Thursday, September 23, 2010

I am hating this new blogger interface.

My new baby!

As I write this, 4 o'clock on the second day of autumn, it is 98º outside. There are farmers in their fields, harvesting their corn and soybeans and kicking up dust and plant particles into the atmosphere, and these tiny bits of crap are finding their way into my house and onto my skin. (I don't fault the farmers. Please, no hate mail.) My skin is in flat out rebellion, I tell ya. Every year, my allergic dermatitis gets worse. This year, it's my knuckles that are red and flaky and itchy, in addition to all of the old red, flaky and itchy places: wrists, ankles, top of foot, odd places on my fingers, and elbows. The non-permanent irritations have been on my hips, front thighs, and shins. Least my face is still purty.

So far.

We are lucky here in Lovely LAconia, in that we have had almost an inch of rain in the last two weeks. My friend in the next county to my west said they have not had rain for six weeks. Lucky, too, in that there is a front moving through this weekend which may bring rain, but will assuredly bring us our normal seasonal temperatures of 78º daytime and 50-something at night by Saturday.

One more day.

Also? My new sewing machine arrived late Monday, the last delivery from a huge FedEx truck.

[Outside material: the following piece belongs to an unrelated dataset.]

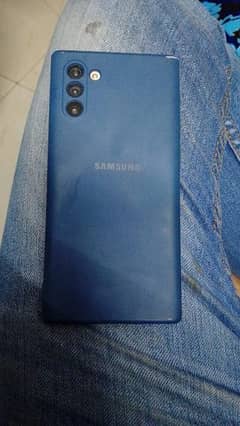 Samsung note 10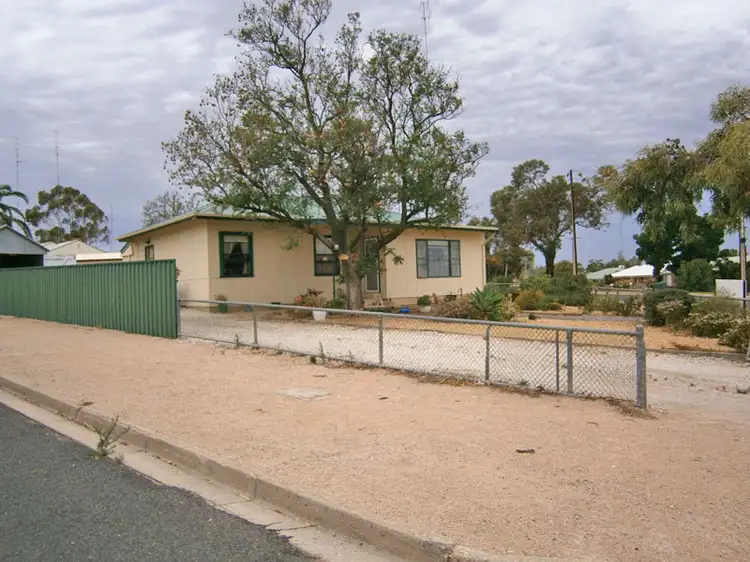 21 Cates Avenue, Waikerie SA 5330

Thank goodness I am married to a mechanic, because the thing needed to be assembled and fine-tuned and I couldn't even loosen a bolt myself. (Couldn't even find where he hides his ratchets and sockets and pliers.) (Because, of course, all of my tools have migrated to better pastures.) And thank goodness I had another machine, set in an industrial table, to use as a go-by. I pity the poor homesewer that gets one of these and doesn't have the hand strength or a handyman handy, as there were no assembly instructions. At all. My one complaint.

What can I say? I love this machine! I read as many reviews as I could find before and after I ordered this one, and one of the complaints was the noise of the one horsepower clutch motor. Noise? To me, that sound is as sweet as any Beethoven symphony! Ooooh, the power! She is mine! Bwahaha!

And the table is too big. Well, yeah. It's a big powerful machine in an industrial table.

And it goes too fast! Excuse me? Then why did you buy this one in the first place?

I hate having to stop and wind bobbins in the middle of my project! You can wind a bobbin as you sew, knucklehead!

The stitches are perfect, and at 2000 stitches a minute, just fine for my needs. Straight stitch and zigzag, with 5! needle positions. I love that I can backstitch at speed and not break a needle. This machine is manufactured in Thailand with Swiss-made parts. It is labeled as a TacSew. I saw Bernina Tacsews, the exact same machine, for sale online for $3400. I paid about $1700 less than that. (You do the math.) Yet mine still came with the Bernina guarantee and the Bernina brochure.) I am looking forward to working on this baby for many, many years to come.

Of course, I wish I could have bought this machine 20 years ago and know that it was made in Switzerland, but times change and this is the world I live in now.